Is there any reason why the Leveller effect has been removed in 2.1.3? One of the handiest effects for live recordings! Just to make sure, i uninstalled 2.1.3 and reinstalled to 2.1.2 and it reappeared. It is a built-in effect.

It is now available as presets in the Distortion effect: http://manual.audacityteam.org/man/distortion.html

The replacement of Leveller with Distortion was mentioned in the Release Notes for 2.1.3.

If you were using Leveller to reduce dynamic range, use the Limiter effect instead. Soft Limit and Hard Limit do not distort.


Gale

Thanks guys, will check that out - I was not aware of the Leveller actually introducing distortion!

Thanks Gale - the “problem” I note sometimes when i need to use Audacity is that if there is a spike because someone unplugs something, the Normalise does not work very well. In two of the other editors I use, the normalise seems to cope with this much better. I find running it through the leveller helps with the Normalise.

Normalize takes no account of isolated peaks, so if there is a peak at -1 dB, Normalize to -1 dB will do nothing.

Compressors/limiters often include make-up gain.

I notice our feature requests page Missing features - Audacity Support has some ideas for “Smarter Normalize when isolated peaks are much higher than others”:

-Ignore isolated peaks: > (3 votes) An adjustable percentage of the highest peaks are ignored for purposes of calculation, simply being left at the original level
- Sacrifice quality in isolated peaks: > (1 votes) Create histogram of levels that lets user choose normalisation dB or percentage and a percentage (or per thousand/million/billion) of peaks allowed to exceed the normalisation level
- Choose whether to ignore any peaks over 0 dB or not: > (1 votes) (some intersample peaks may be deliberate).

Gale

Leveler was going to be dropped but for the chorus of special effects editors who still wanted it—but not for leveling. Multiple passes through Leveler is perfect for creating the distorted Air Traffic Controller, Taxi Cab and 2-Way Radio voice.

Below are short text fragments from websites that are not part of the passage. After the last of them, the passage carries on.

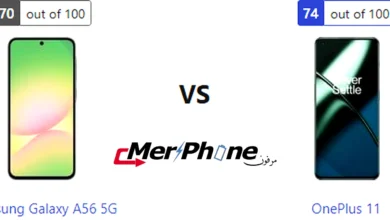 توزيع الأزرار والمنافذ في Samsung Galaxy A56 5G و OnePlus 11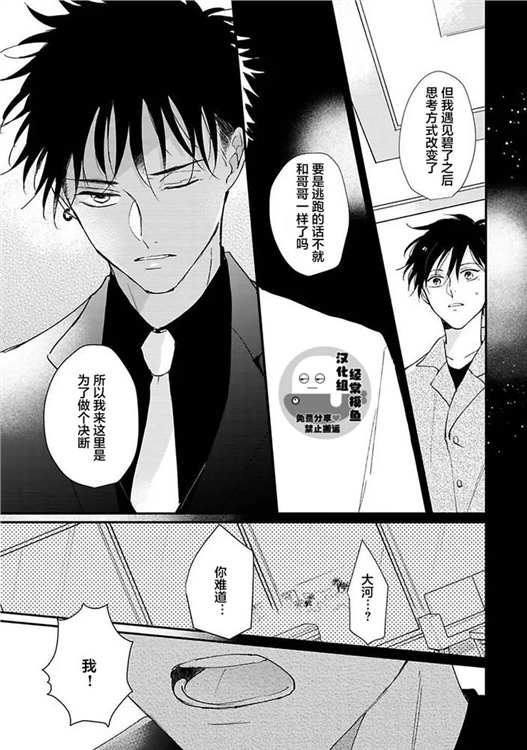 溶于碧蓝的水母 第07话 第10页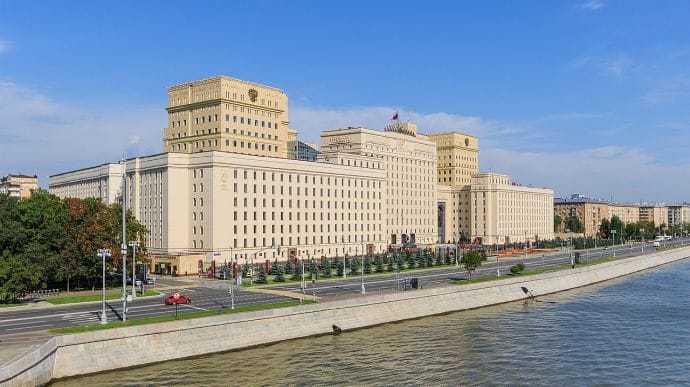 Russian Ministry of Defence threatens Kyiv with strikes at infrastructure of Ukraine's law enforcement agencies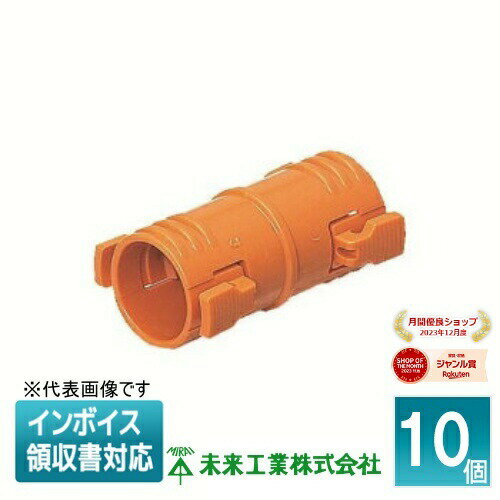 [法人限定] CDC-16C (10個入) 未来工業 ミライ カップリング CD管用 クイックタイプ [ CDC16C ]
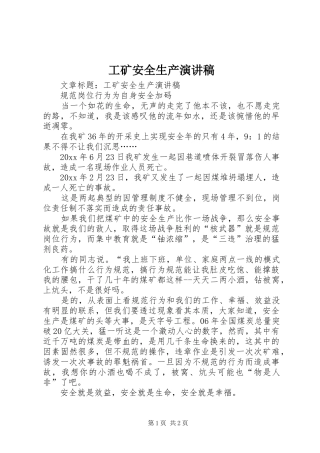工矿安全生产演讲稿范文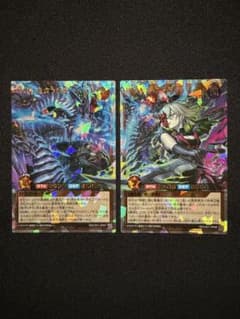 遊戯王 ラッシュデュエル　オーバーラッシュ　神殿に巣食う炎龍　神殿に臨む黒魔女のサムネイル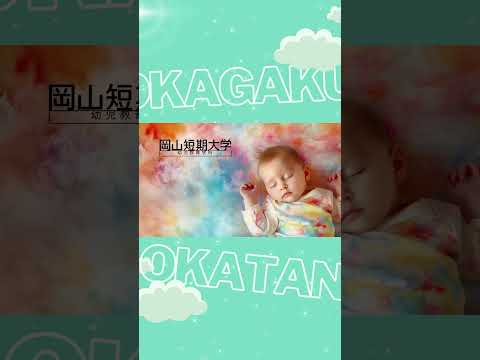 【OKAGAKU】NEW時代に即応！【OKATAN】 #Shorts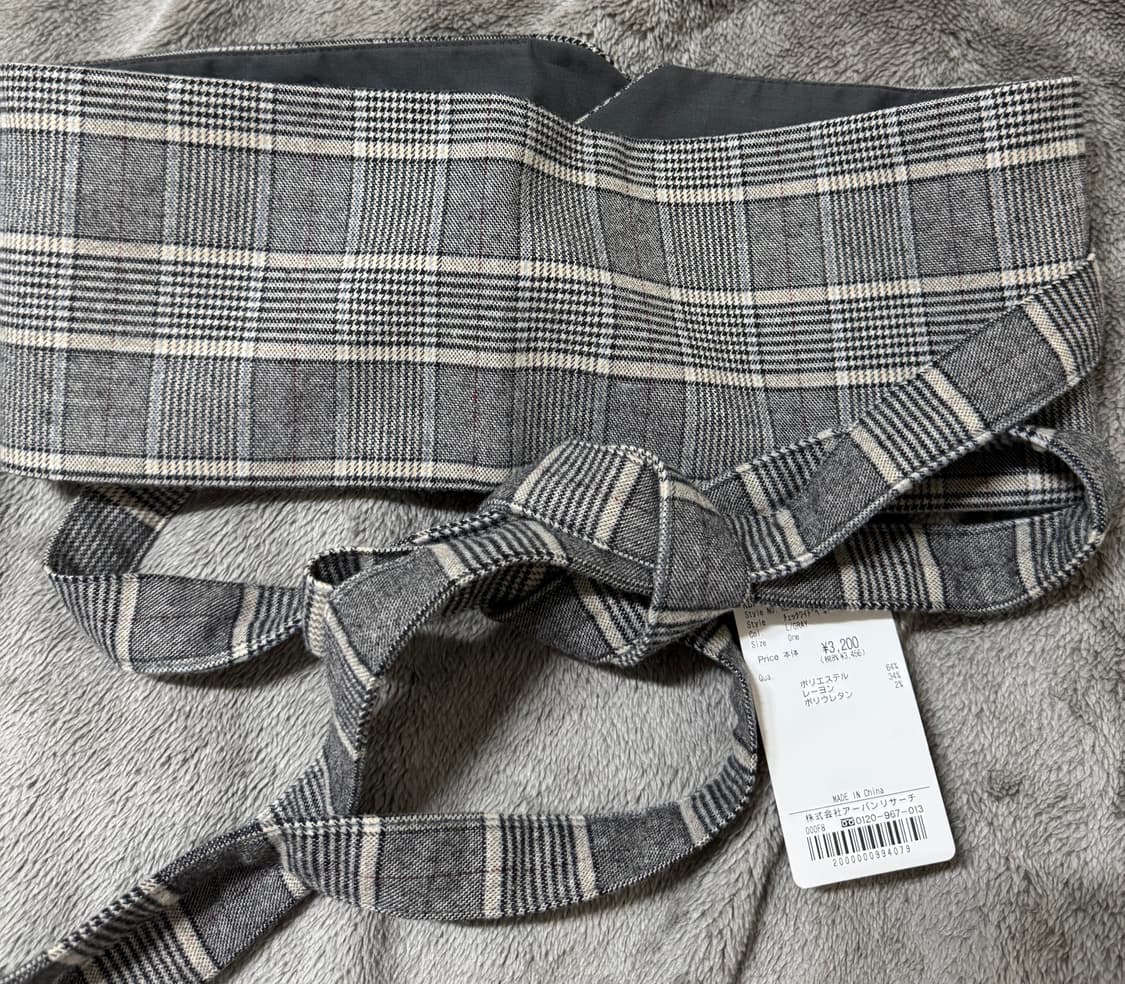 KBF 체크 오비벨트 상품이미지2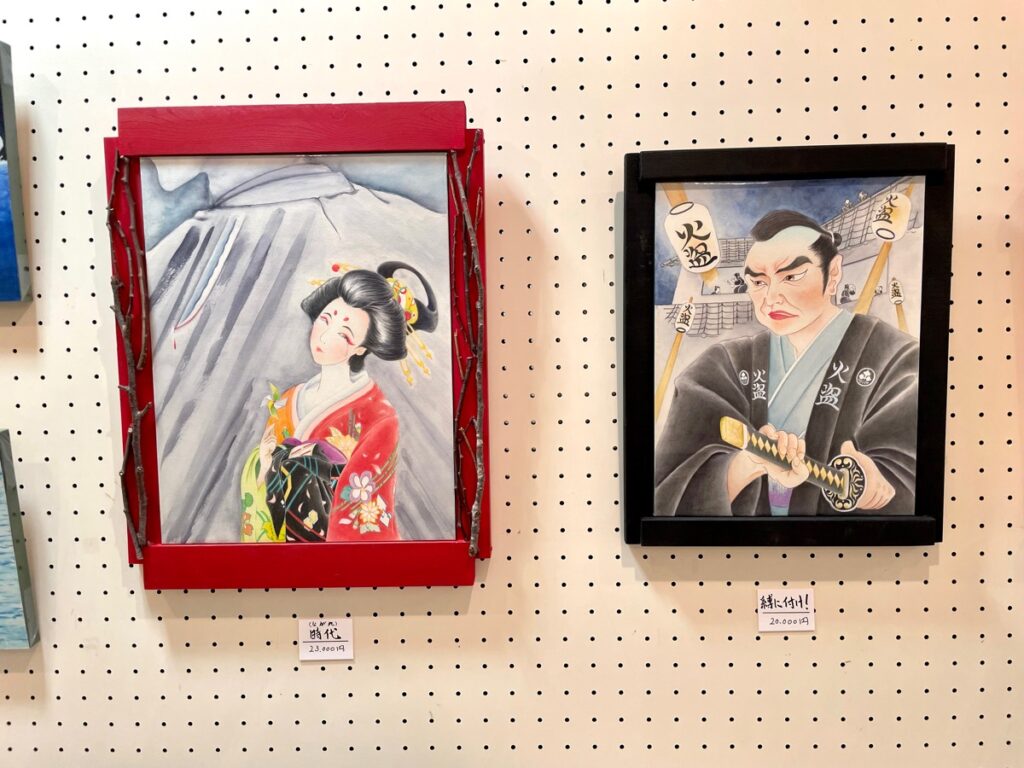 春の彩展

Normalize and Amplify are sisters and all they do is one-pass volume control. They don’t process or change the shapes of the blue waves. Effect > Limiter might be useful for you. Limiter can actually identify specific parts of the waves and can be used to bang down troublesome peaks.

One of the newer AudioBook correction suites has RMS Normalize (custom software) to set overall show volume and then Limiter to squash blue wave peaks that go over.